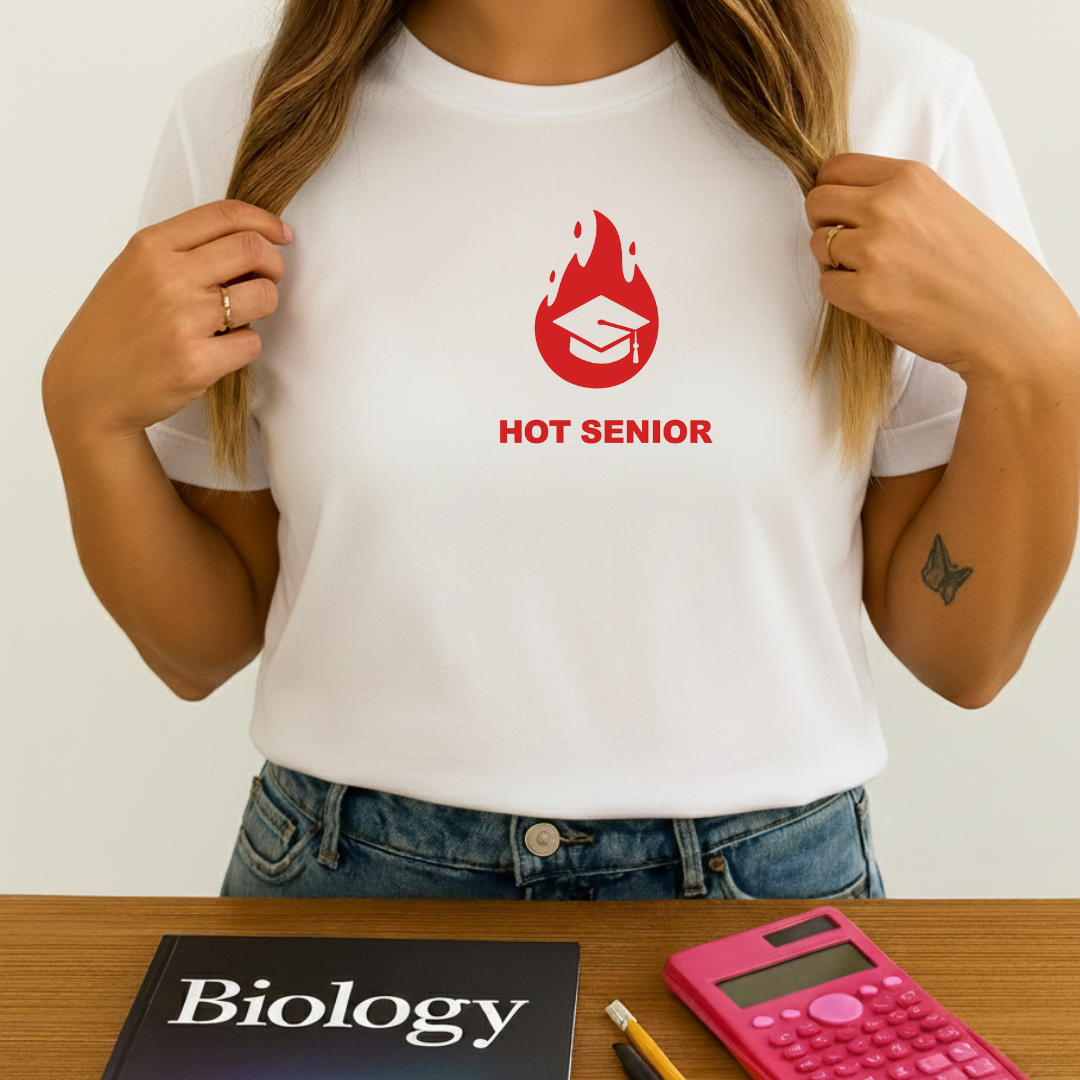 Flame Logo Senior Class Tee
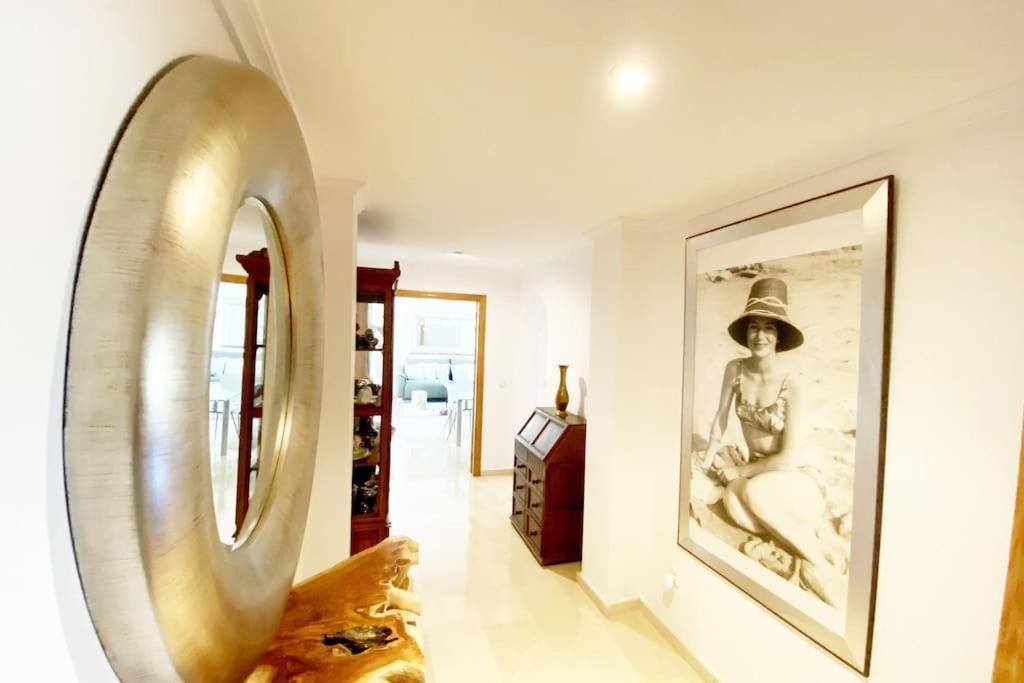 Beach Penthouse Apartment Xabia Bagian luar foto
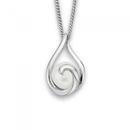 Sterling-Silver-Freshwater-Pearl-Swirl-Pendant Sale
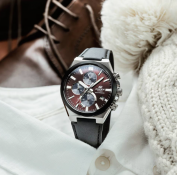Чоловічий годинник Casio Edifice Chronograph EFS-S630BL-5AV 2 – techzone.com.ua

# DESCRIPTION OF THE TASK:
Transcribe exactly the lines from the one holding "Beach Penthouse Apartment" through the final line of the material above, both ends included; any pictures should be dropped.

# EXPECTED ANSWER:
 Beach Penthouse Apartment Xabia Bagian luar foto
 Sterling-Silver-Freshwater-Pearl-Swirl-Pendant Sale
Чоловічий годинник Casio Edifice Chronograph EFS-S630BL-5AV 2 – techzone.com.ua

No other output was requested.